The ALU in row-parallel processor i can access three pixel-data registers D_i[j] D_i[j−1] D_i[j−2] in itself, three pixel-data registers D_i₋₁[j] D_i₋₁[j − 1] D_i₋₁[j − 2] in row-parallel processor i − 1 and three pixel-data registers D_i _{+ 1}[j] D_i _{+ 1}[j − 1] D_i _{+ 1}[j − 2] in row-parallel processor i + 1. We terminal the boundary of the sensor array with low voltage (logic ‘0’). This boundary condition is required by mathematical morphology image processing. The ALU can process the data of 3 × 3 array in the image and perform 8 basic operations including ‘add’ ‘subtract’ ‘minimum’ ‘maximum’ ‘comparison’ ‘equal’ ‘absolution’ and ‘shift’. These processors would process one column image data each period. The gray-scale mathematical morphology algorithms can be executed by combination of those operations repeatedly and successively.

The core module of the chip is an N × N PE array. The PE diagram is given in the Figure 4. It consists of nine D-latches, two Multiplexers, an AND gate, an OR gate, an inverter, and eight switches. One PE is connected directly with its four nearest neighborhood PEs. By selecting the MUX1, we can choose one signal as input of the PE, which comes from the neighbor PE or the output of itself. When the switch (RS[i]) was turned on, the negative latch (NL[i]) and positive latch (PL) constitute a D-flop. There are 8 D-flops that can store 8-bit data in one PE. The clocks (clkn[0-7]) of the eight NL[i] (i = 0, 1,…,7) are controlled independently by the instruction controller. PE can perform logical operations between the data in one of NL[1–7] and in NL[0] when we switch on one of RS[1–7] correspondingly. MUX2 is used to select one of the different operations: AND, OR, Invert, and Keeping Data.

There are an X Processor, a Y Processor, a PE data I/O module, and 2N PMOS transistors in the periphery of the PE array. One PMOS transistor and N NMOS transistors in the PE array constitute an N-input pseudo-NMOS NOR gate. The N transistors are contained respectively in N PEs. There are N rows N-input pseudo-NMOS NOR gates and N column N-input pseudo-NMOS NOR gates in the PE array. The outputs of these N-input pseudo-NMOS NOR gates were connected with the X processor and the Y processor.

The X processor contains N X Processor Units (XPU) and N 5-bit ROM that stores the X coordinates. The X processor receives the projection of the binary image, which is stored in all NL[i] of each PE, on the X-axis. The positions of the left edge and the right edge of the projection are found by XPUs. The X coordinates of the positions are obtained by checking the ROM.

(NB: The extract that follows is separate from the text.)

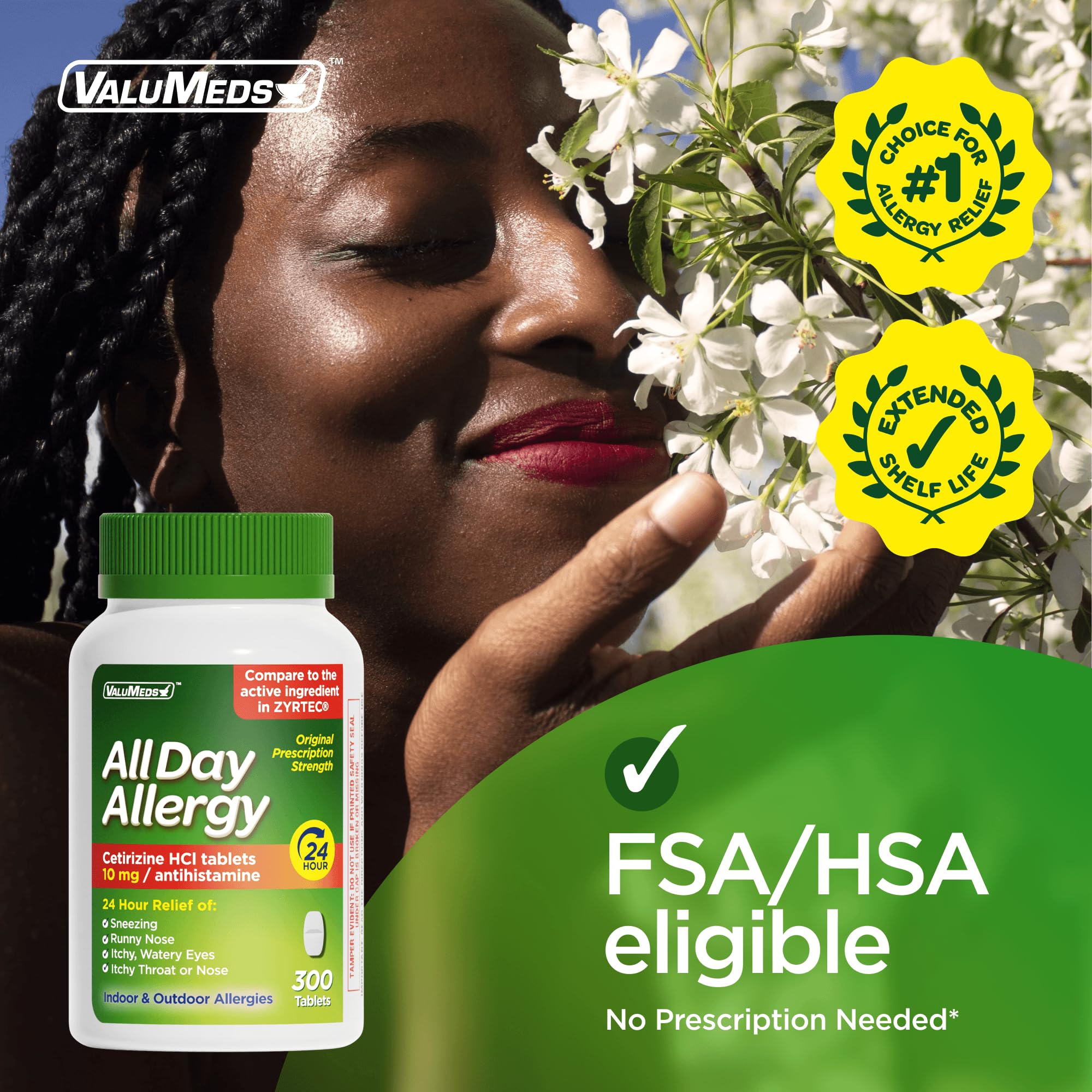 ValuMeds 24-Hour Allergy Medicine Antihistamine for Pollen, Hay Fever, Dry, Itchy Eyes, Allergies | Cetirizine HCl 10mg Caplets, Compare to Leading Brand (300 Count) — Amazon image 6
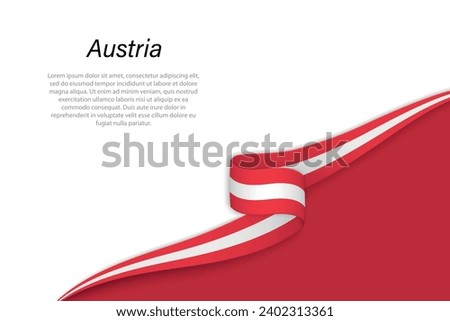 Wave flag of Austria with copyspace background. Banner or ribbon vector template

The Y processor contains N Y Processor Units (YPU) and N 5-bit ROM that stores the Y coordinates. Its inputs are either the outputs of the N-input pseudo-NMOS NOR gates in rows or parallel shift-out data of the binary image in PE array. The Y processor not only gives the Y coordinates of the top edge and the bottom edge of the projection of the image on the Y-axis, but also obtains the Y coordinates of the activated pixels in a column of the image in sequence. The X coordinates and the Y coordinates from the X processor and the Y processor are transferred to the coordinates’ output module. The instruction controller connects with the outside circuit. It receives all of algorithms instructions and sends them to other modules. Parameters registers store the initial parameter for each module. The output module receives the X coordinates and the Y coordinates from the X processor and the Y processor and output them in series.

2.2. Operations

The proposed programmable vision chip can perform image acquisition, low and mid-level image processing, and fast output of features of images in a designed procedure. The low- and mid-level image processing is mainly carried out by the Mathematical Morphology method [3]. The chip can process gray-scale image and binary image in series. First the gray-scale image processors use the gray-scale mathematical morphology to perform the gray-scale image processing in the row parallel fashion. After some low-/mid-level image processing is finished and the precise skeleton of some objects in the image is extracted, the chip binaries the gray-scale image and uses binary mathematical morphology to process the image in pixel parallel fashion subsequently. The speed of the pixel parallel processing is N times faster than row parallel processing. The data of binary image is less than gray-scale. The sequence of the gray-scale image and binary image processing can avoid a trade-off between the performance time of each frame and the accuracy of the output data so that we can carry out the image processing quickly and obtain the useful feature information from the image.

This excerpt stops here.